01-11-2008, 01:05 AM
(This post was last modified: 01-11-2008, 01:04 PM by Jan Klimkowski.)
Paul Rigby Wrote:Fellow Conradian,
Read both, find both fascinating - if horrible - but was left with a nagging feeling that I was missing the pre-history: Do you know if Brit spookery had a look at this subject in the mid-to-late nineteenth century? This is just a hunch - I defer to your greater knowledge of the subject.
The terrain is littered with clues - some lead to Kansas, others to Maeterlinck's "bird that is blue". A few lead to Manchuria...
Scottish Rite Freemasonry... the search for the essence of schizophrenia - literally a liquid, chemical, schizophrenia... medical & occult investigations into the consequences of severe trauma...
Anthony Burgess' "A Clockwork Orange" was apparently based on his knowledge of real (and still classified) mind control & behaviour modification experiments conducted in Fort Bliss - home to many of the Paperclip Nazi scientists. Burgess did of course work for both British military intelligence & the Colonial Service...
Paul Rigby Wrote:A further puzzle to me: Why use a hypno-programmed pseudo-assassin (Sirhan) when the job could just as easily have been undertaken by a conventional patsy - I typed "pasty" initially, which error was not without a certain surreal charm - bumped off, a la LHO, post-hit? This has long perplexed me. Sirhan, after all, required after-care. Was it just a case of they had the technology, so they deployed it?
It's a good question and one that always needs to be asked - even if it can't be answered with absolute certainty.
Here are some observations - no more than that.
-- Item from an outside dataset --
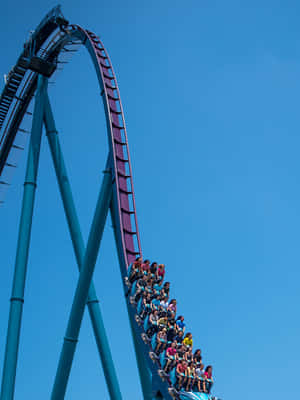 Картинки SeaWorld — iPad 9-го поколения Шпалери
If there's a highly meticulous, multi-shooter, assassination playing out, a patsy can be seen as a vital part of the operation. The patsy - especially if highly visible like Sirhan - provides a distraction enabling the real assassins to escape. The patsy also enables Official Story #1 (and maybe a few more layers of the onion skin) to be spoonfed to a press desperate for certainty and answers.
So, why use a hypno-programmed patsy?
They're probably more reliable - eg they won't have second thoughts and run away at the crucial moment.
They're more incoherent when captured - Sirhan being a perfect example.
Dr Louis Jolyon West, godfather of MK-ULTRA, spent a lot of time with Sirhan in his cell, and was quite possibly marvelling at the "technology". I think there was huge arrogance amongst the black doctors (with Ewen Cameron epitomising this). And a sense that they were essentially untouchable.
I always think of the US Navy psychologist, Lt Commander Dr Thomas Narut, in this context. In 1975, at a NATO conference in Oslo, Narut casually briefed assembled military correspondents about a secret Navy (almost certainly ONI) programme to identify suitable subjects who could be turned into programmed hitmen and assassins. He said there were hundreds of such subjects.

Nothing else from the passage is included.